Assigned task »
Transcribe all of the data exactly. Omit the pictures.

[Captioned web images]
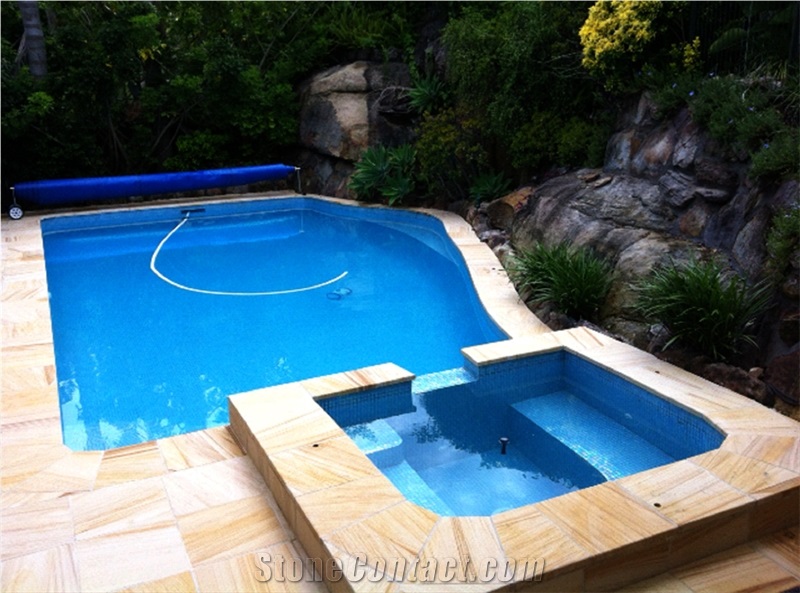 Teakwood Sandstone Pavers Tiles & Slabs, China Beige Sandstone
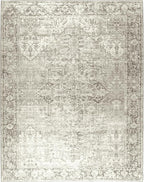 ReaLife Rugs Machine Washable Area Rug - Living Room Bedroom Bathroom Kitchen Entryway Office - Padded Low Pile Stain Resistant Premium - Boho Farmhouse Vintage - Lyle - Beige Ivory 5' x 7'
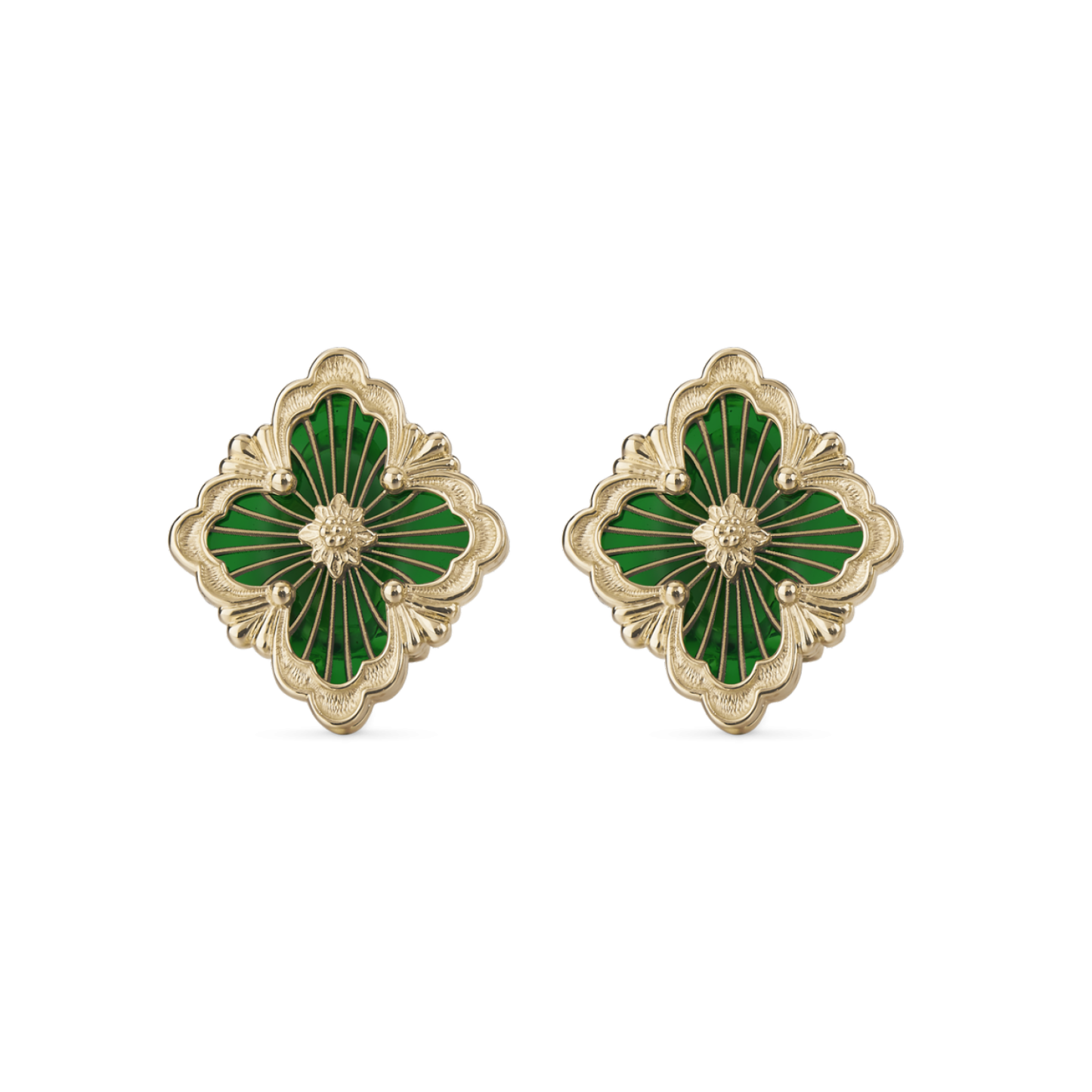 OPERA TULLE YELLOW GOLD BUTTON EARRINGS WITH GREEN ENAMEL ELEMENT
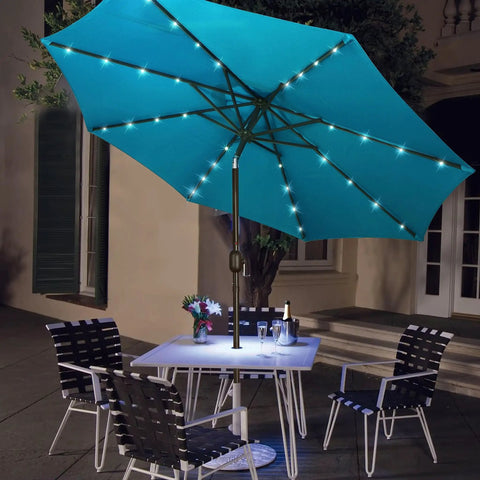 9 Foot Solar LED Patio Umbrella With Tilt And Crank 32 LED Lights To Light Up Nights Outdoor Market Style Shade For Garden Deck Backyard Pool And Beach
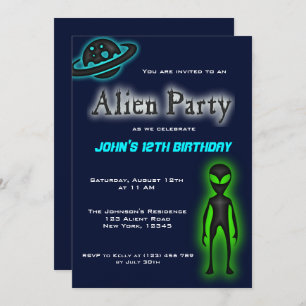 Super Cool Alien Birthday Party Invite Kaart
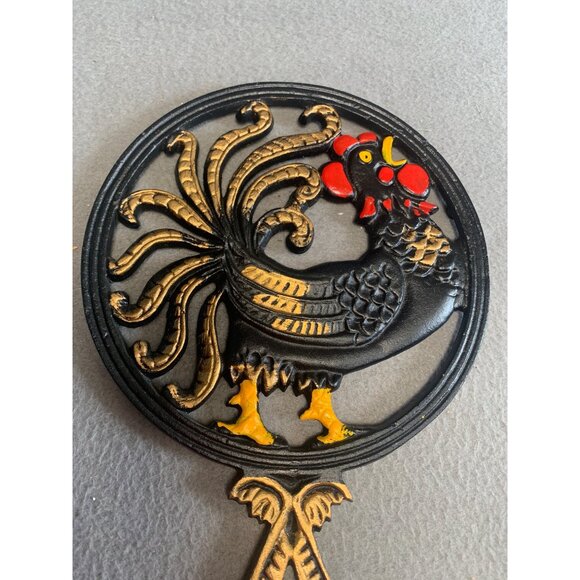 Vintage Cast Iron Rooster Trivet With Handle Cooking Stand Hand-Painted - Picture 2 of 9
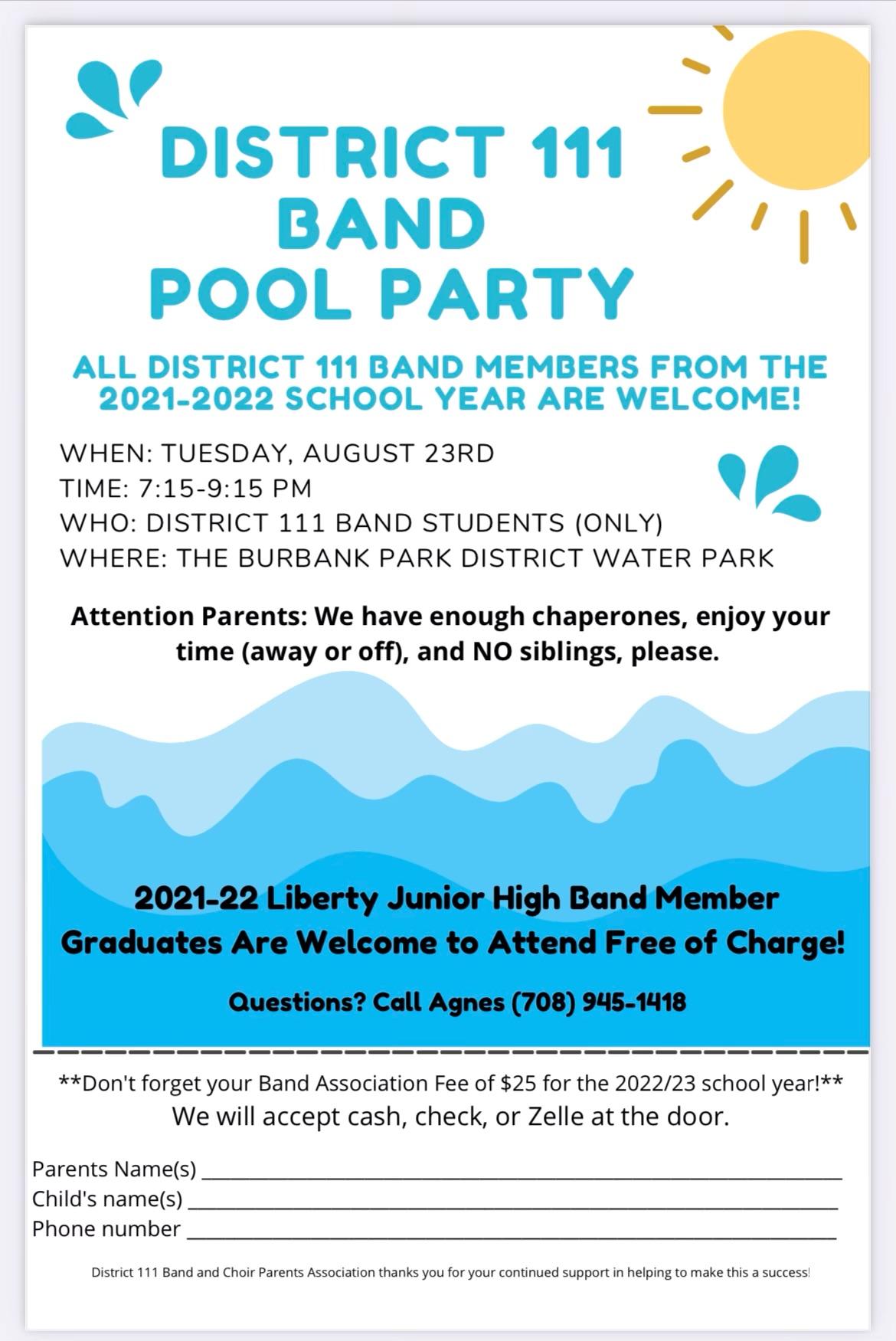 band pool party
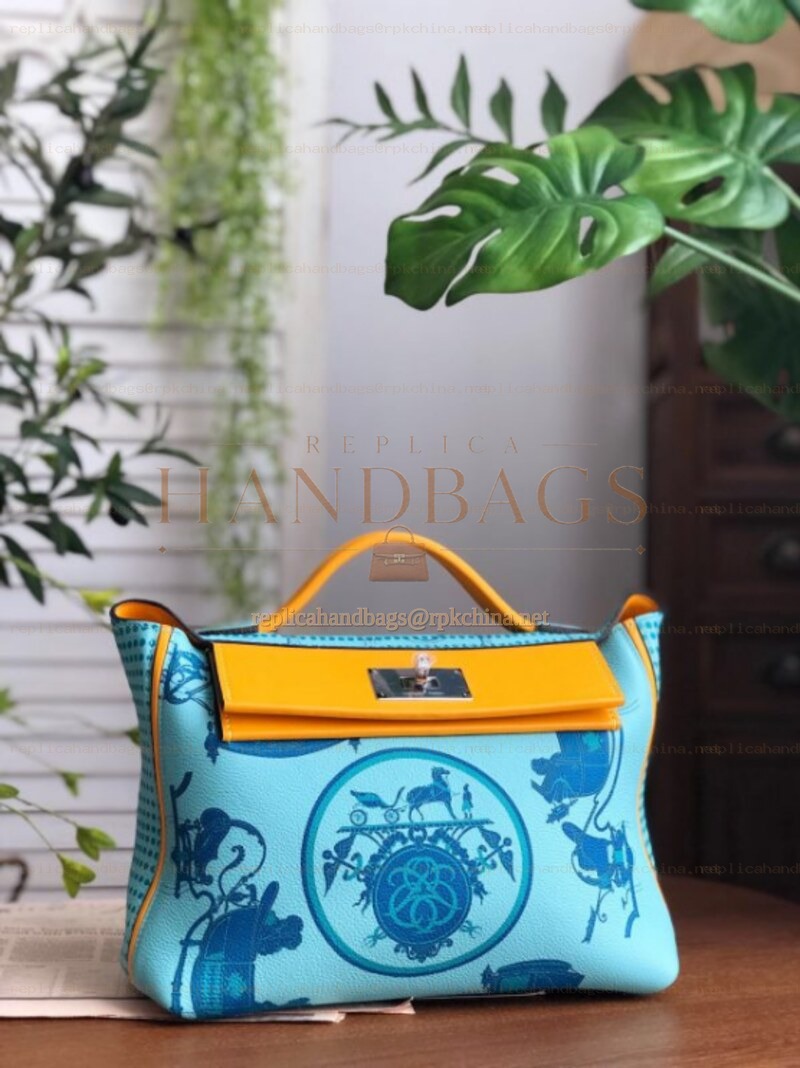 Replica Hermes Blue Orange Print Kelly 2424 29 Palladium Hardware Bag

Response »
 Teakwood Sandstone Pavers Tiles & Slabs, China Beige Sandstone
 ReaLife Rugs Machine Washable Area Rug - Living Room Bedroom Bathroom Kitchen Entryway Office - Padded Low Pile Stain Resistant Premium - Boho Farmhouse Vintage - Lyle - Beige Ivory 5' x 7'
 OPERA TULLE YELLOW GOLD BUTTON EARRINGS WITH GREEN ENAMEL ELEMENT
 9 Foot Solar LED Patio Umbrella With Tilt And Crank 32 LED Lights To Light Up Nights Outdoor Market Style Shade For Garden Deck Backyard Pool And Beach
 Super Cool Alien Birthday Party Invite Kaart
 Vintage Cast Iron Rooster Trivet With Handle Cooking Stand Hand-Painted - Picture 2 of 9
 band pool party
 Replica Hermes Blue Orange Print Kelly 2424 29 Palladium Hardware Bag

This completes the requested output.